The US Department of State recently announced a change to the way they process K-3 Visa applications.
In the past, US citizens or lawful permanent resident spouses would use a K-3 visa to bring their husband or wife to the US. Unlike normal spousal visa processing abroad (via form I-130), a K-3 visa only granted the spouse the right to move to the United States for the purpose of applying for a green card via the adjustment of status process. During periods of high I-130 backlog, the K-3 visa was a good choice for families who wished be together in the US.
To get a K-3 visa, the US citizen spouse would file form I-130 in the United States just like he was applying for a full marriage visa. However, as soon as USCIS confirmed receipt of the application, the spouse would then apply for a K-3 visa on form I-129f. Given that I-130’s for marriage visas were processed much slower than I-129f applications, the foreign national spouse would typically receive the K-3 visa even before the marriage visa application was approved.
Recently, however, differences in processing times for the I-130 and I-129f petitions have been almost negligible.
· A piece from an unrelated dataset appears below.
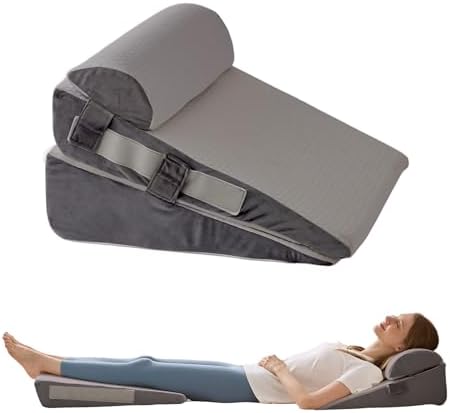 3Pcs Wedge Pillow Set for After Surgery, Acid Reflux Relief, Adjustable Bed by WGAKCED
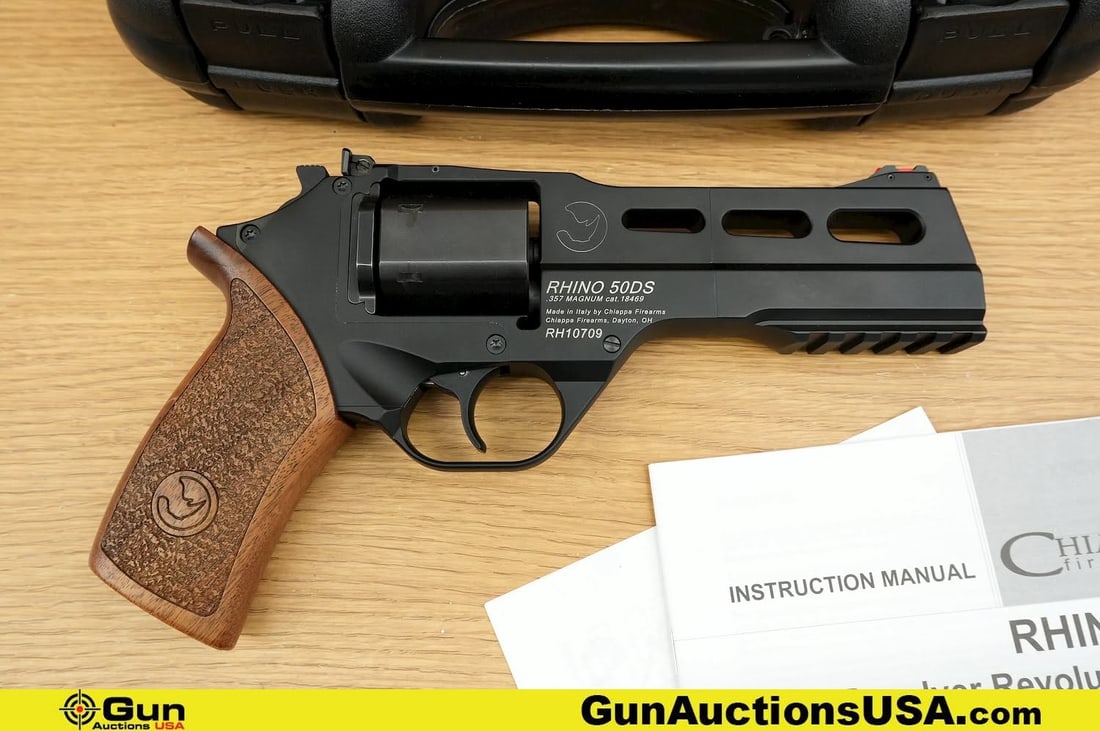 CHIAPPA RHINO 50DS .357 MAGNUM Revolver. Excellent. 5" Barrel. Shiny Bore, Tight Action . Features (1 of 13)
As a result, the K-3 visa has lost favor with families and immigration officials alike, prompting a change in the K-3 visa policy.
Effective February 1, 2010, if both the I-129f (K-3) and the I-130 (marriage visa) are approved by USCIS and sent to the National Visa Center, the K-3 visa application will be closed.
If the NVC receives the I-129f first, it will be processed as a K-3 visa and sent to the embassy or consulate where the marriage took place or, if married in the US, where visas are issued for the spouse’s country of nationality.